Primary Risk Drivers
Below is a snapshot of domains that materially influence the MARA Rating.
Clinical effectiveness
Daratumumab in combination shows moderate benefit over standard care, with evidence indicating improved haematological response rates (53% vs 18% in the interim analysis) and longer times to major organ deterioration. However, overall survival data remains immature and has not demonstrated a statistically significant improvement compared to standard care.
Cost effectiveness
The cost-effectiveness estimates for daratumumab are within the acceptable range for Healthcare resources, with the committee concluding that the ICERs presented were reasonable given the context of the treatment’s benefits and the rarity of the condition.
Quality of life
The treatment is expected to improve quality of life by delaying major organ deterioration and potentially improving survival, although specific HRQoL data from the ANDROMEDA trial are not fully validated. The committee acknowledged the importance of haematological response in improving overall well-being.
Supporting Domains
Safety and Adverse Effects
Daratumumab has a tolerable safety profile, with adverse events occurring at similar frequencies to standard care. The committee noted that the trial excluded patients with advanced disease who might experience more severe adverse effects, but overall, the adverse events were manageable.
Comparator Selection
The treatment was compared against the appropriate standard of care (bortezomib plus cyclophosphamide and dexamethasone), which is relevant for the patient population. The committee agreed that this was the relevant comparator for the appraisal.
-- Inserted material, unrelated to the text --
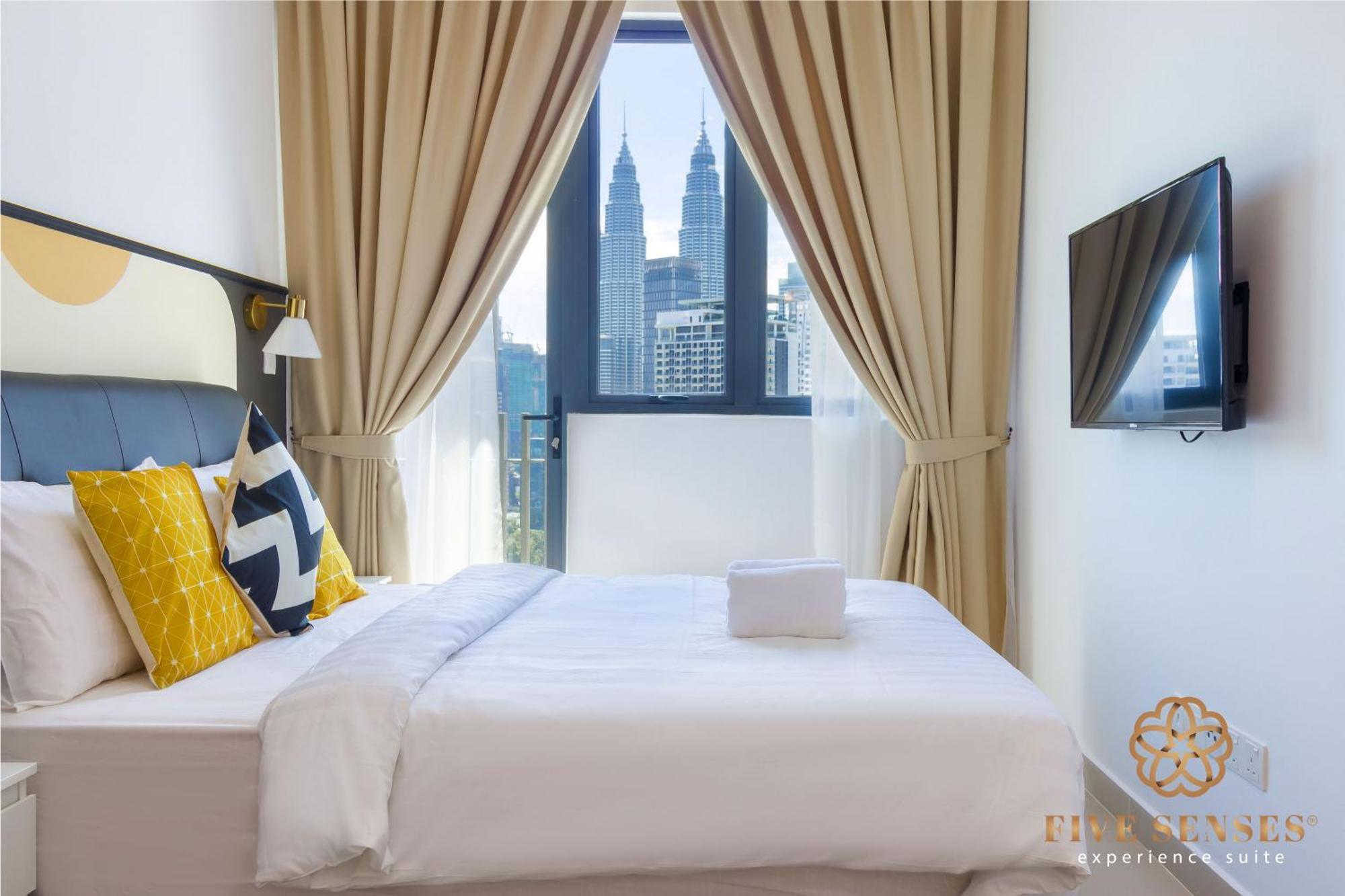 The Colony & The Luxe, Kuala Lumpur By Canopy Lives Cameră foto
Patient Population and Subgroups
The trial population is broadly representative of the Healthcare population likely to receive daratumumab, although it excluded patients with severe complications. The committee concluded that the population is likely generalizable to the intended patient group.
Care Pathway Integration
Daratumumab can be integrated into existing treatment pathways with minor adjustments, as it follows a similar induction and maintenance approach used in multiple myeloma treatments. The committee noted that the Healthcare could implement the stopping rule for treatment.
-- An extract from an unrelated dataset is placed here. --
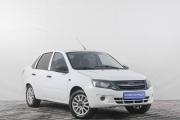 Lada (ВАЗ) Granta I Кемерово  - изображение 21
Resource Use and Cost Implications
The budget impact is manageable, and the treatment is expected to provide value for the resources used, particularly given the rarity of the condition and the unmet need for effective treatments.
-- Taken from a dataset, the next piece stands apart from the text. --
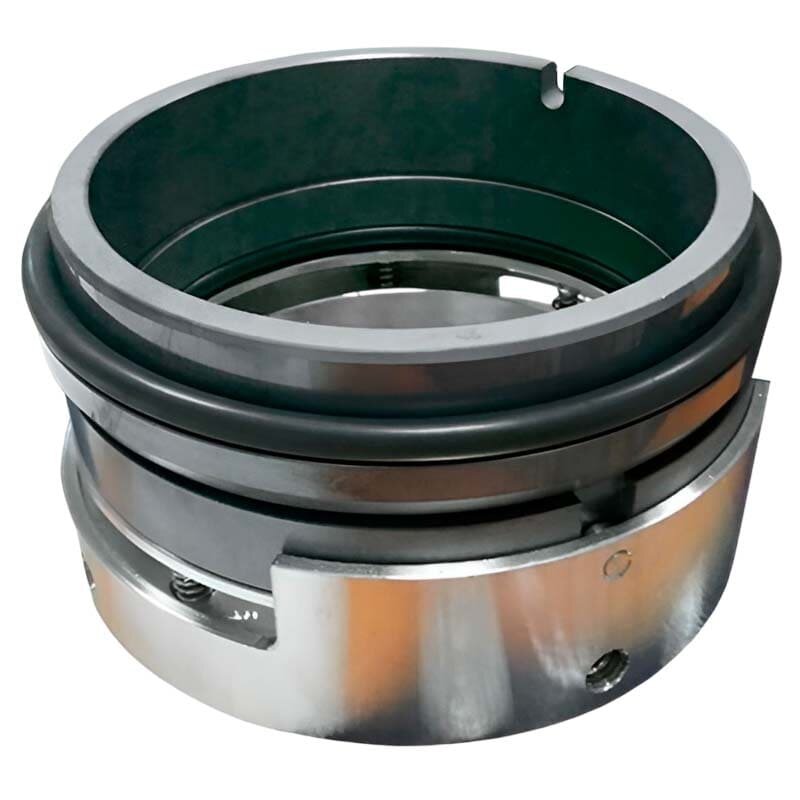 Gleitringdichtung R-M74 160, SiC/SiC, Viton, 304, G9 фото 1 &mdash; BTS Engineering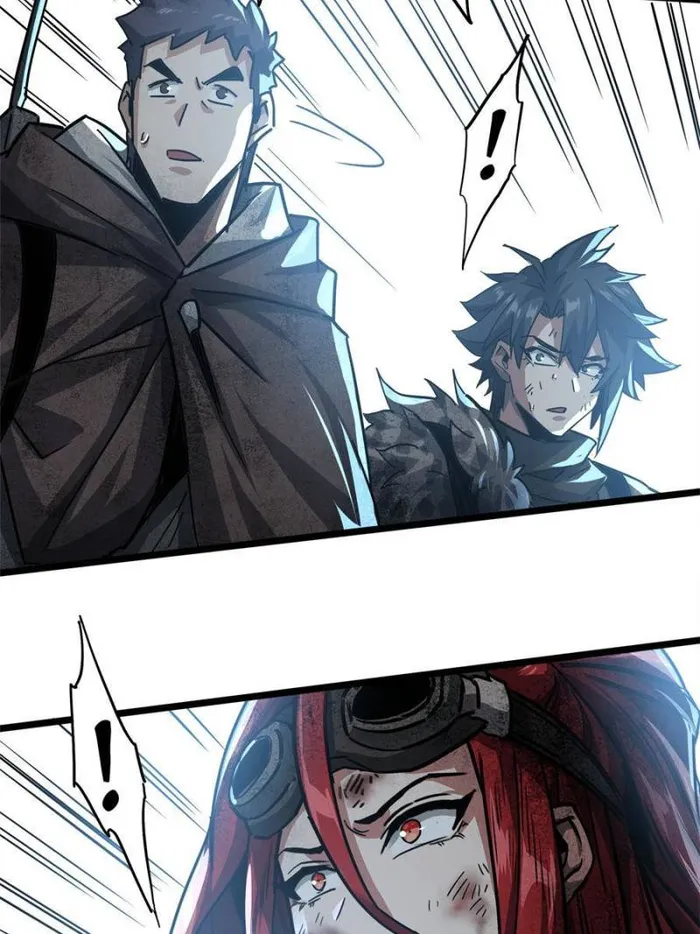 THIS GAME IS TOO REALISTIC Chapter 43 - page 62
Evidence Quality and Robustness
While the evidence from the ANDROMEDA trial is robust in terms of haematological response, the overall survival data is still immature, leading to some uncertainty in the evidence base. The committee noted the need for further data to strengthen the conclusions.
Uncertainty, Sensitivity, and Broader Impacts
There are significant uncertainties regarding the long-term survival benefits and the extrapolation of data from the ANDROMEDA trial. The committee acknowledged these uncertainties but also considered the innovative nature of the treatment and the unmet need.